According to literary sources, Marcus Aurelius built a temple in honour of Faustina. The temple was later converted into a temple of Heliogabalus, Syrian Zeus or Helios by Heliogabalus himself.4




1. Itin. Hieros. 578.2; Itin. Anton. 145.3. Several miliarii (milestones), indicating the distance between Faustinopolis and Tyana or the Cilician Gates, have been found. The findings date back to the period 218-238 AD. French, D., Roman Roads and Milestones of Asia Minor I: The Pilgrim’s Road (BAR 105, Oxford 1981), pp. 90-91, no. 60 A-C, pp. 122-123, table 11a-b, maps 2, 6.
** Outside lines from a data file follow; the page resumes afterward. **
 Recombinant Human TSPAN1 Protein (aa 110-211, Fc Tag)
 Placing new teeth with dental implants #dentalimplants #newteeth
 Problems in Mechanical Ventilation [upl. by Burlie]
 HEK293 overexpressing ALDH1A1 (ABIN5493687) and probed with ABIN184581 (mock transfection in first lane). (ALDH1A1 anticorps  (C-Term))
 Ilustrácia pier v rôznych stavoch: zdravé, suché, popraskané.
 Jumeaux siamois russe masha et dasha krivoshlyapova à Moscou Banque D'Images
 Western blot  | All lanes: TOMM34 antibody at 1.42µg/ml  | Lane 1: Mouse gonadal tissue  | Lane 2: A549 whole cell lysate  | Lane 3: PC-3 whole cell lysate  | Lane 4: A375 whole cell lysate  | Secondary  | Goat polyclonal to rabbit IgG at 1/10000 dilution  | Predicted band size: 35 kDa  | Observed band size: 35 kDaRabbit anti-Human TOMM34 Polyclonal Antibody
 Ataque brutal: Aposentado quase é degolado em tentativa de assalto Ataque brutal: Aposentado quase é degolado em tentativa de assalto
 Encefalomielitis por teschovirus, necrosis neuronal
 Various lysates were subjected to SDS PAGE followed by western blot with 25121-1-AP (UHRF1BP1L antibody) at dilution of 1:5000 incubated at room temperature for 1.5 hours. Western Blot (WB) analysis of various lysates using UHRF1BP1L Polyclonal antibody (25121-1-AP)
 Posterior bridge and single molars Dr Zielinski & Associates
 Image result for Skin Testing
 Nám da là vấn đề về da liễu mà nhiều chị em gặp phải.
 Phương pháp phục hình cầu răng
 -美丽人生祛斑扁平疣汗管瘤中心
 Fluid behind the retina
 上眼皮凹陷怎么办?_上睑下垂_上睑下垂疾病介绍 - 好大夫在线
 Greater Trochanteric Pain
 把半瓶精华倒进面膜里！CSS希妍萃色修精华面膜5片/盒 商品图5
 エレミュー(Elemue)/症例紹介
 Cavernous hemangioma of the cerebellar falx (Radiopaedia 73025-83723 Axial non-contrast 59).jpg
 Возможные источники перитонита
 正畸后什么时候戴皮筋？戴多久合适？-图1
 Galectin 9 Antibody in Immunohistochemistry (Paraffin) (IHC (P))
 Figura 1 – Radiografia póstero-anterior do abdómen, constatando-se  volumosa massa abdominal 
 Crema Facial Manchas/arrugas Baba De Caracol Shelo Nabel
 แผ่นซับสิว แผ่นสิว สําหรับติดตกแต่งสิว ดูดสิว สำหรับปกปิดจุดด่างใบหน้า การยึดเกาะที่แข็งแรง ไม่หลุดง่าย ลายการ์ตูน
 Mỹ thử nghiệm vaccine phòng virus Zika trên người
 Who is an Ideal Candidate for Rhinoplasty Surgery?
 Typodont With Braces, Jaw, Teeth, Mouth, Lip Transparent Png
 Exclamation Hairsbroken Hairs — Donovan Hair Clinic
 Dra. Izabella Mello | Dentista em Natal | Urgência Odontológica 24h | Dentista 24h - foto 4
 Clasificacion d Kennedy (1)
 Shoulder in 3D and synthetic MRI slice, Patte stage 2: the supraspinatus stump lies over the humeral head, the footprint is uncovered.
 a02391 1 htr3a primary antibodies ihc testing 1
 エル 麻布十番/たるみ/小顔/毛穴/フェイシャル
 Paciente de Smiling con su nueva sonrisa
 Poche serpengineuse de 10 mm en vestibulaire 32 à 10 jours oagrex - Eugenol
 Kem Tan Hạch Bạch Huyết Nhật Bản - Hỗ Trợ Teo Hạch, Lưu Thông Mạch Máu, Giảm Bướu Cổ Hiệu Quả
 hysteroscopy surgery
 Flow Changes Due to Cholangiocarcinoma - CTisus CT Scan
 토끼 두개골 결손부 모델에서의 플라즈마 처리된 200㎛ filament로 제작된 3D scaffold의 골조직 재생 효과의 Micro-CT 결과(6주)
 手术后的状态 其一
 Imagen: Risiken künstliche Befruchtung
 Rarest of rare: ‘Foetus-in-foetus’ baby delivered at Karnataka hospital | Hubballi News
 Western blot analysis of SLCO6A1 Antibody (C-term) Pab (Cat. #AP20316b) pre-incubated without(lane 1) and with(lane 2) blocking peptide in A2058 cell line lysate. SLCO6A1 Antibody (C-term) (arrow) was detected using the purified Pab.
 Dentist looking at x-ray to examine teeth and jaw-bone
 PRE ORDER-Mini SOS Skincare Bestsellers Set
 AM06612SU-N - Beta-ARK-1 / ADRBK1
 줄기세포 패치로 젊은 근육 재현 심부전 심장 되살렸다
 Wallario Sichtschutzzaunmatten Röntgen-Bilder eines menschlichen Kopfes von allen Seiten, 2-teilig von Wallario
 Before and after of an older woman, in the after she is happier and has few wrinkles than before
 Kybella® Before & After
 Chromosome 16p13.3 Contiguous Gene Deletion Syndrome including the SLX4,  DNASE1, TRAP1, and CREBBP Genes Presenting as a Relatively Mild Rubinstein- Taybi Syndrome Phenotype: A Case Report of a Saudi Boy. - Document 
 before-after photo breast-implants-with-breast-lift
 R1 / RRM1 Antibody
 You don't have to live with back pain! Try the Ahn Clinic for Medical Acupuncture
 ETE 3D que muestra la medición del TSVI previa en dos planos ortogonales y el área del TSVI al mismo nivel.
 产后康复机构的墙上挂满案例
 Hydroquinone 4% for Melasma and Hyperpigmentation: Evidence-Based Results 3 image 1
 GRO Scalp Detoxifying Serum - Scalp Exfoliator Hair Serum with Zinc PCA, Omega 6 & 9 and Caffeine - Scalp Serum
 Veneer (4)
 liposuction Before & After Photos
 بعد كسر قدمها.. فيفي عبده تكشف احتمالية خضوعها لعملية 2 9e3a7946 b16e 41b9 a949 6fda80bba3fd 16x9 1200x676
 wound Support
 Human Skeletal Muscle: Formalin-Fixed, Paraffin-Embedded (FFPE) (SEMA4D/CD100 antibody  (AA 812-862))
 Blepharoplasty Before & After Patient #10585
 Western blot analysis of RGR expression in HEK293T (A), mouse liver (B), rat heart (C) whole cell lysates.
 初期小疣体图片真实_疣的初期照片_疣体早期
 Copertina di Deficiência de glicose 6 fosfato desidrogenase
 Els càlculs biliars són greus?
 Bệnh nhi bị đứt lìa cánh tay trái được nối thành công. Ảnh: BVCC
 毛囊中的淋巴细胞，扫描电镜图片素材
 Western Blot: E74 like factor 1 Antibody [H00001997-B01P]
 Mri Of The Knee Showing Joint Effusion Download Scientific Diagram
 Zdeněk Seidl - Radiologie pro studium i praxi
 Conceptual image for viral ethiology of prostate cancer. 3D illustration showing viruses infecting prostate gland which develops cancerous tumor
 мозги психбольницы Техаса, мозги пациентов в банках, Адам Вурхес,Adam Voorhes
2. SHA, Marcus Antoninus 26.4-9.

3. Hierocl., Synecd. 700.3. It was a catalogue of the cities of the eastern part of the Roman Empire per province, according to their geographical location. It was probably based on an official catalogue dating back to the mid-5th cent. AD. See Hornblower, S. – Spawforth, A. (ed.), The Oxford Classical Dictionary (Oxford 1999), p. 705.

4. SHA, Marcus Antoninus 26.9, Caracal. 11.7, Heliogab. 1.5; Mattingly, H., “The Consecration of Faustina the Elder and the Daughter”, HThR 41 (1948), pp. 147-151; Winter, E., Staatliche Baupolitik und Baufürsorge in den römischen Provinzen der kaiserzeitlichen Kleinasien (Asia Minor Studies 20, Bonn 1996), p. 116.